I am worried if these two errors are connected. If yes, then it’s fine because I’ll somehow find a way to solve the first (and then second won’t appear again).

However, I am worried if these two are not connected because I am not able to solve it.
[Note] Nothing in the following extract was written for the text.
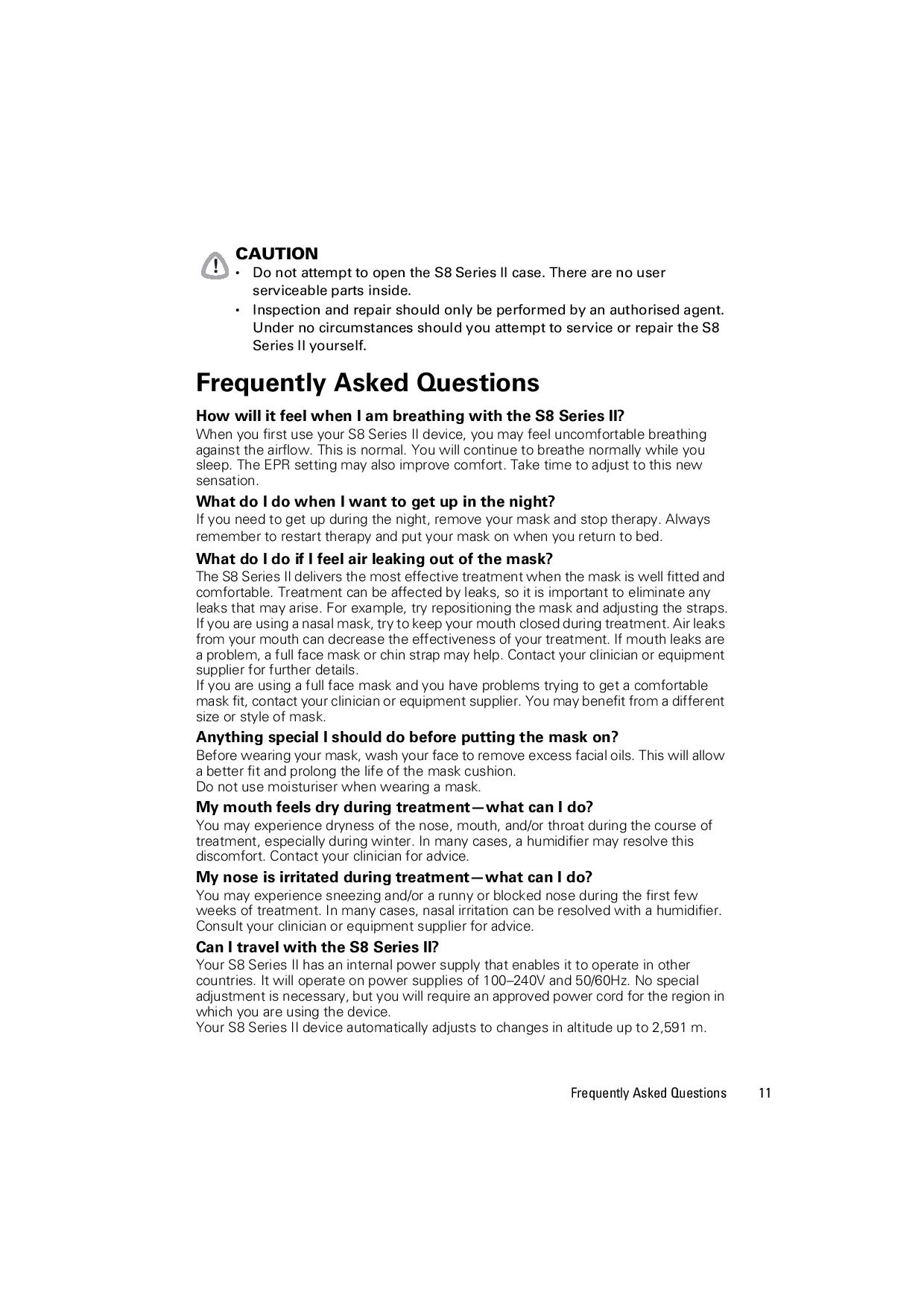 ResMed S8 AutoSet Spirit II User Guide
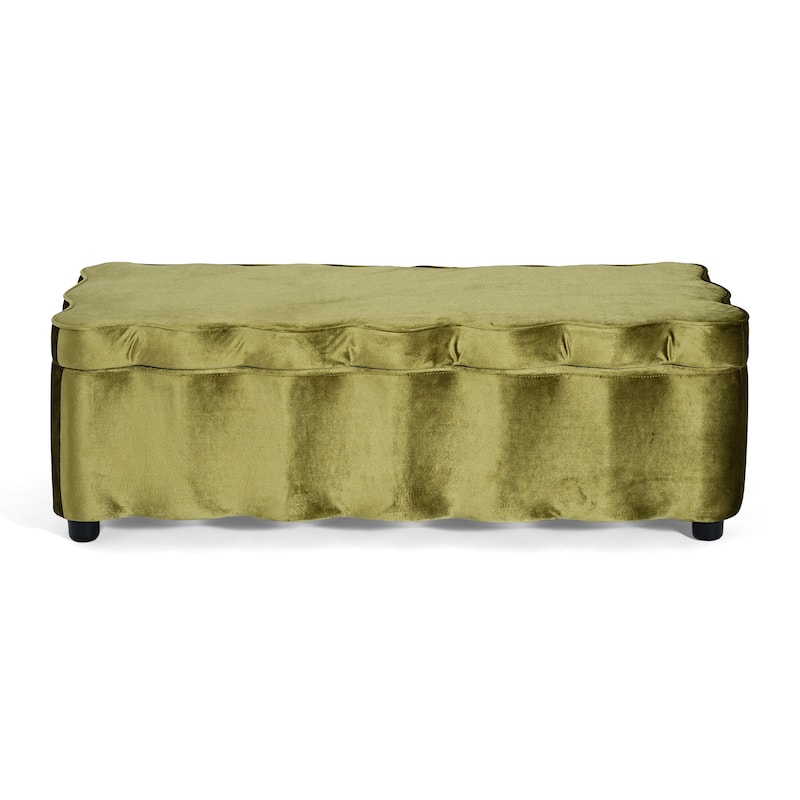 Christopher Knight Home - Milan Modern Velvet Storage Ottoman with Scalloped Design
Whatever I try - nothing.

Thanks.

EDIT: Interestng is that I redeployed stack again and my script gets documents although my latest rs.status looks like this:

{
	"set" : "jm-replica",
	"date" : ISODate("2020-12-11T11:45:57.587Z"),
	"myState" : 2,
	"term" : NumberLong(42),
	"syncSourceHost" : "",
	"syncSourceId" : -1,
	"heartbeatIntervalMillis" : NumberLong(2000),
	"majorityVoteCount" : 2,
	"writeMajorityCount" : 2,
	"votingMembersCount" : 3,
	"writableVotingMembersCount" : 3,
	"optimes" : {
		"lastCommittedOpTime" : {
			"ts" : Timestamp(0, 0),
			"t" : NumberLong(-1)
		},
		"lastCommittedWallTime" : ISODate("1970-01-01T00:00:00Z"),
		"appliedOpTime" : {
			"ts" : Timestamp(1607686302, 2),
			"t" : NumberLong(41)
		},
		"durableOpTime" : {
			"ts" : Timestamp(1607686302, 2),
			"t" : NumberLong(41)
		},
		"lastAppliedWallTime" : ISODate("2020-12-11T11:31:42.115Z"),
		"lastDurableWallTime" : ISODate("2020-12-11T11:31:42.115Z")
	},
	"members" : [
		{
			"_id" : 0,
			"name" : "mongo-1:27030",
			"health" : 0,
			"state" : 8,
			"stateStr" : "(not reachable/healthy)",
			"uptime" : 0,
			"optime" : {
				"ts" : Timestamp(0, 0),
				"t" : NumberLong(-1)
			},
			"optimeDurable" : {
				"ts" : Timestamp(0, 0),
				"t" : NumberLong(-1)
			},
			"optimeDate" : ISODate("1970-01-01T00:00:00Z"),
			"optimeDurableDate" : ISODate("1970-01-01T00:00:00Z"),
			"lastHeartbeat" : ISODate("2020-12-11T11:45:57.535Z"),
			"lastHeartbeatRecv" : ISODate("1970-01-01T00:00:00Z"),
			"pingMs" : NumberLong(0),
			"lastHeartbeatMessage" : "replica set IDs do not match, ours: 5fd29e358b77ac2c30973a4c; remote node's: 5fd22a776b0ed74077c65ca8",
			"syncSourceHost" : "",
			"syncSourceId" : -1,
			"infoMessage" : "",
			"configVersion" : -1,
			"configTerm" : -1
		},
		{
			"_id" : 1,
			"name" : "mongo-2:27031",
			"health" : 0,
			"state" : 8,
			"stateStr" : "(not reachable/healthy)",
			"uptime" : 0,
			"optime" : {
				"ts" : Timestamp(0, 0),
				"t" : NumberLong(-1)
			},
			"optimeDurable" : {
				"ts" : Timestamp(0, 0),
				"t" : NumberLong(-1)
			},
			"optimeDate" : ISODate("1970-01-01T00:00:00Z"),
			"optimeDurableDate" : ISODate("1970-01-01T00:00:00Z"),
			"lastHeartbeat" : ISODate("2020-12-11T11:45:57.524Z"),
			"lastHeartbeatRecv" : ISODate("1970-01-01T00:00:00Z"),
			"pingMs" : NumberLong(0),
			"lastHeartbeatMessage" : "replica set IDs do not match, ours: 5fd29e358b77ac2c30973a4c; remote node's: 5fd22a776b0ed74077c65ca8",
			"syncSourceHost" : "",
			"syncSourceId" : -1,
			"infoMessage" : "",
			"configVersion" : -1,
			"configTerm" : -1
		},
		{
			"_id" : 2,
			"name" : "mongo-3:27032",
			"health" : 1,
			"state" : 2,
			"stateStr" : "SECONDARY",
			"uptime" : 96,
			"optime" : {
				"ts" : Timestamp(1607686302, 2),
				"t" : NumberLong(41)
			},
			"optimeDate" : ISODate("2020-12-11T11:31:42Z"),
			"syncSourceHost" : "",
			"syncSourceId" : -1,
			"infoMessage" : "",
			"configVersion" : 1,
			"configTerm" : 41,
			"self" : true,
			"lastHeartbeatMessage" : ""
		}
	],
	"ok" : 1,
	"$clusterTime" : {
		"clusterTime" : Timestamp(1607687155, 1),
		"signature" : {
			"hash" : BinData(0,"AAAAAAAAAAAAAAAAAAAAAAAAAAA="),
			"keyId" : NumberLong(0)
		}
	},
	"operationTime" : Timestamp(1607686302, 2)
}

Thanks

jellyx · December 11, 2020, 3:09pm

Seems like it is not possible to increase # of replicas in Swarm. If I wish to have more replicas I need to add more services (additional secondary nodes). Am I right? Thanks.